Published on: 20 February 2022

Rooibos Smoked Salmon, then Seared off, drizzled with Honey Soy glaze and served with a Tomato and Mustard Hollandaise, Semi Pickled Cucumber and Radish.

 

Ingredients

120g Norwegian Salmon

  • 2 Rooibos Teabags
  • 100ml Hollandaise Sauce
  • 50ml Tomato
  • 50g Butter
  • 5ml Whole Grain Mustard
  • ½ Cucumber Diced
  • 1 Radish Sliced
  • 10g Sugar
  • 50ml White Vinegar
  • 10ml Honey
  • 20ml Soy Sauce

 

Method:

  • Place the salmon on a perforated tray. In a bain marie tray, open the teabag and place dry tea leaves.

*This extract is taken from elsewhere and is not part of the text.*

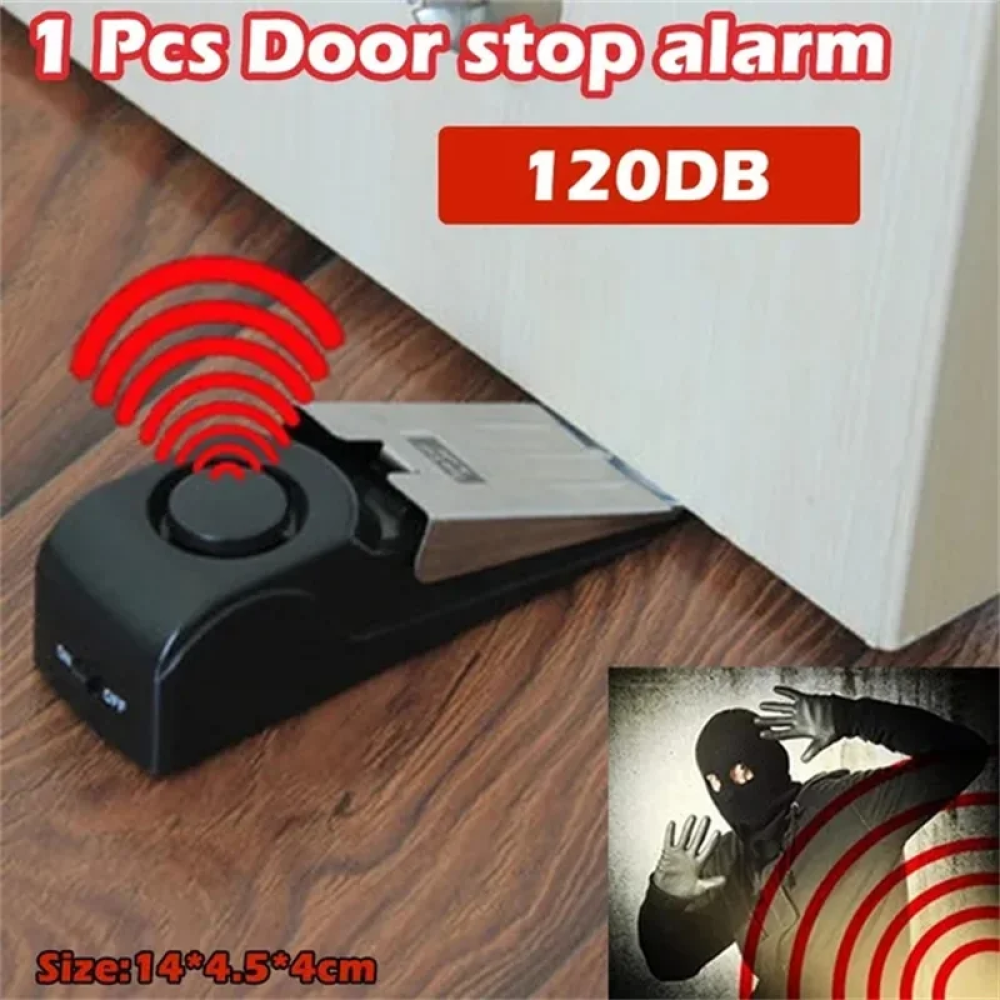 Mini Home Alarm Security System Door Stop Stopper Alarm Block Blocking System Self-protection Vibration Alarm Block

Place the perforated over the bain marie and cover with foil. Place on a medium heat and smoke the salmon for approx. 15 minutes. Remove from the tray and allow to cool.
  • Place the cubed cucumber and sliced radish in a bowl. Mix together the sugar, vinegar and water. Pour the mixture over the cucumber and radish and set aside.
  • Heat up 10g of the butter in a pan, add the tomato and allow to simmer. Remove from heat, season to taste and add the mustard and hollandaise sauce. Mix together and place into a squeeze bottle.
  • Mix together the honey and soy sauce and leave aside.
  • Place the remainder butter in a pan and heat up. Take the salmon and quickly sear on a high heat on both sides, remove and set aside.
  • Cut the salmon into 3 equal cubes.
  • On the plate, squeeze a line of the tomato hollandaise, arrange the salmon on the sauce.
  • Drizzle the soy glaze on the salmon pieces.
  • Scatter the semi pickled cucumber and radish on the plate.
  • Garnish with micro greens and edible flowers.